Но, по идее Маркса, именно с проявлением этой экономической формы в капитализме человеку открылась и возможность освобождения от нее, ибо до этого она была замаскирована отношениями господства и подчинения как неким естественным положением дел. В свою очередь, буржуазная идеология даже в большей степени, чем ей предшествующие, претендовала на статус естественности своих персонажей и отношений. Марксизм, собственно, выявил те реальные отношения между людьми, которые функционировали за видимыми отношениями вещей в социальном поле.

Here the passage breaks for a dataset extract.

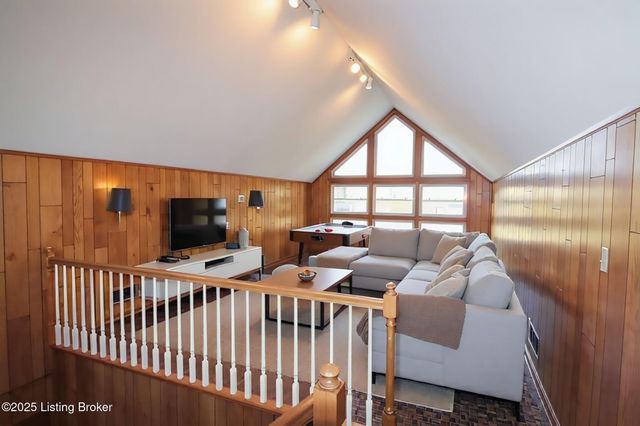 484 Tollview Dr, Shepherdsville, KY 40165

Кстати, в этом смысле русский футуризм и авангард были действительно продуктом буржуазной культуры, в чем их постоянно упрекали большевистские функционеры, однако они являлись буржуазным продуктом ничуть не в меньшей степени, нежели фигура самого пролетариата и учение марксизма, выдвинувшее ее на передний край исторического развития.
С начала 10-х годов XX в. художественный и литературный авангард демонстрирует в своих произведениях аналогичную предметную утрату, т. е. производит самоутраченные вещи, не соответствующие никакой реальной предметности. При этом футуристы делают это так, что произведенная вещь не превращается у них в иллюстрацию абстрактной идеи социального сопротивления, не повествует никакой истории про хозяина и работника в либерально-демократическом духе. Футуристический продукт представляет собой полновесную вещь, исполненную бессмыслицы, он ведет свое происхождение не из психики или сознания, а из той сферы телесного опыта, которая располагается между ощущением тела как части объектного мира уже завершенных вещей и потоком приватных телесных ощущений, собираемых в некое психосоматическое единство[147].

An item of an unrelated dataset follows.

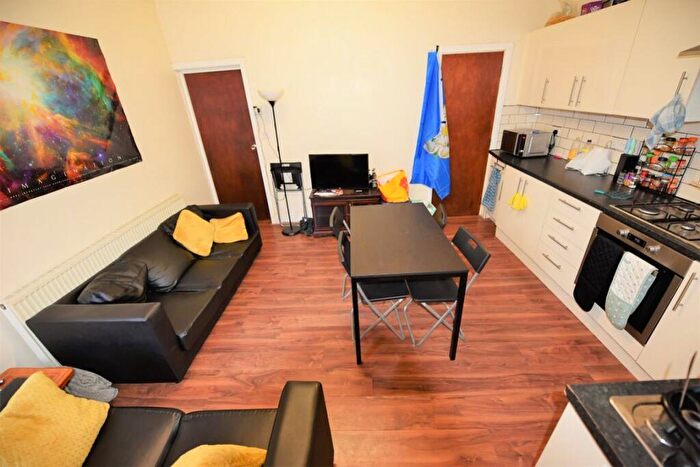 5 Bedroom House To Rent In Ashville Grove, LS6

Футуристический опыт не удовлетворяется ни отражением вещей объективного мира и подражанием античной идее-образцу, ни самовыражением авторского «Я». В отличие от символизма, футуристический артефакт не только не символизирует сущностей более реального, чем он сам, мира, будь это мир экономики или психической жизни человека, но и не спекулирует на упомянутой символической утрате, подменяя ее образомсимволом, имеющим характер фетиша-эрзаца (ср. понимание образа у А. Белого)[148].

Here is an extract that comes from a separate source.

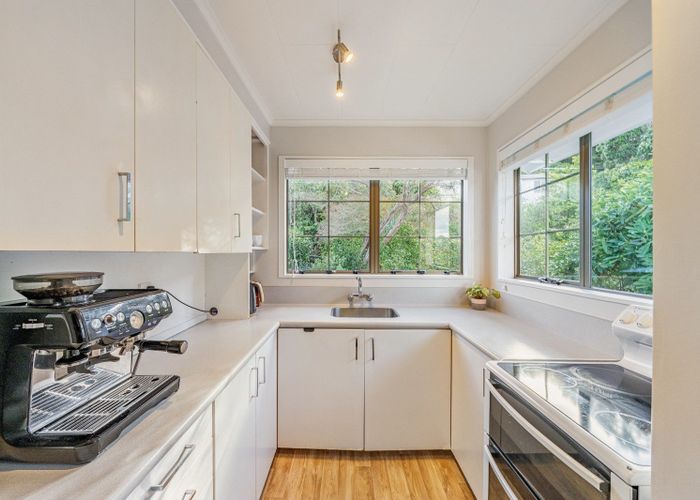  at 1/5 Kingsley Street, Stokes Valley, Lower Hutt, Wellington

Однако футуризм не довольствуется и этим неопределенным положением «между», манифестируя материальность аффективного телесного опыта и, таким образом, иное понимание природы отношений человека и мира вещей вообще.
Призывы футуристов вернуть слову свежесть и первоначальную, допонятийную материальность были связаны с разрушением ее чисто знаковой функции, с разрывом традиционной связи слова и смысла. Идея «самовитого слова» из «Пощечины общественному вкусу» предполагала понимание слова как новой вещи, непосредственное восприятие которой самоценно, т. е. не нуждается еще и в представлении обозначаемого им предмета. При этом футуристы не делали особого акцента и на реальности чувства, которое также располагалось бы вне самого слова, в человеческой психике. Само наличие чувства еще не является алиби для этого искусства, ибо чувство может быть исключительно субъективным и обманчивым. Другими словами, задача не сводится к тому, чтобы искусство представляло реальность чувств. Это был бы только вариант идеалистического психологизма, характерный, например, для экспрессионистского проекта В. Кандинского, раскритикованного позднее в Институте художественной культуры (ИНХУК) и «ЛЕФе».